Latest update January 28th, 2025 12:59 AM
Mar 22, 2020 News
By Kiana Wilburg
Crisis or not, the Stabroek Block Production Sharing Agreement (PSA) will always leave ExxonMobil and its partners with good outcomes all at Guyana’s expense.
And the prevailing trouble in the oil market where ExxonMobil is forced to make budget cuts in the face of the coronavirus is no different.
Any changes it makes to CapEx (Capital Expenditure), it will be done to ensure its Stabroek Block operations, arguably the crown jewel of its portfolio, is preserved. ExxonMobil’s Chief Executive Officer (CEO), Darren Woods, will disclose the details of these cuts soon. In the meantime, ExxonMobil’s partner on the Guyana license, Hess Corporation, is also walking the same line. Earlier last week, Hess’ CEO, John Hess, announced that the company shaved off some US$800M from its budget so that it can preserve its “great investment opportunity in Guyana”. On March 16, 2020, the company also entered into a US$1 billion three-year term loan agreement with JPMorgan Chase Bank, N.A.
It should be noted that any financial maneuverings, done by these two American oil giants for the sake of its Guyana investment, would not result in a loss. This is all thanks to a sweet provision in the 2016 PSA that allows them to recoup all financing costs as well as the interests taken on loans to support its operations. According to the document, “Interests, expenses and related fees incurred on loans raised by the parties comprising the Contractor for petroleum operations and other financing costs provided that such expenses, fees and costs are consistent with market rates” are recoverable by without need for approval by the Minister.
CROWN JEWEL
Both ExxonMobil and Hess have been ecstatic about their investment in Guyana as it has chalked up 16 successful discoveries to date. Particularly Hess Corporation’s Chief Executive Officer (CEO), John Hess, has said that the string of successful discoveries Guyana has seen is “world class” as it works out to about 500 million barrels of oil per discovery.
On numerous occasions, he has praised the Stabroek Block for being very low cost in terms of development while delivering high returns for investors.

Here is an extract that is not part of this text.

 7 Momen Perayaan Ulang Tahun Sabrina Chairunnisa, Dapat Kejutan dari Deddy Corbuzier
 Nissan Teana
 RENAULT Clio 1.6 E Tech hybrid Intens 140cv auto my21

Speaking specifically to the Liza field, Hess has said that it offers “high financial returns and more rapid cash paybacks since it carries the lowest development costs of all the major global offshore projects.”
Hess Executives have also bragged about the company becoming a free cash flow engine for shareholders by 2022 thanks to its 30 percent stake in Guyana’s Stabroek Block.

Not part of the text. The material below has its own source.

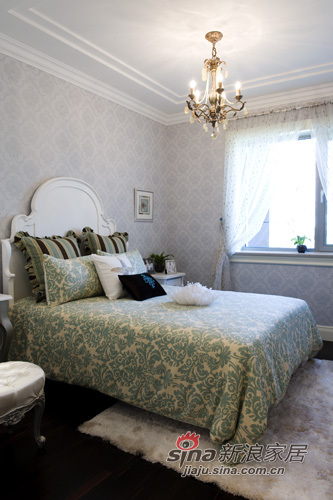 欧式 别墅 卧室图片来自用户2772856065在清新色调130平美式新古典57的分享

Even as Hess and Exxon make budget cuts following the implications of the coronavirus, they are still pursuing a fourth development project on the Stabroek Block while awaiting permission for a third.
ExxonMobil’s fourth development project on the Stabroek Block will roll out at the Hammerhead well and will see the production of 150,000 to 190,000 barrels of heavy oil per day.
This was revealed in project details ExxonMobil’s subsidiary, Esso Exploration and Production Guyana Limited (EEPGL), recently submitted to the Environmental Protection Agency (EPA).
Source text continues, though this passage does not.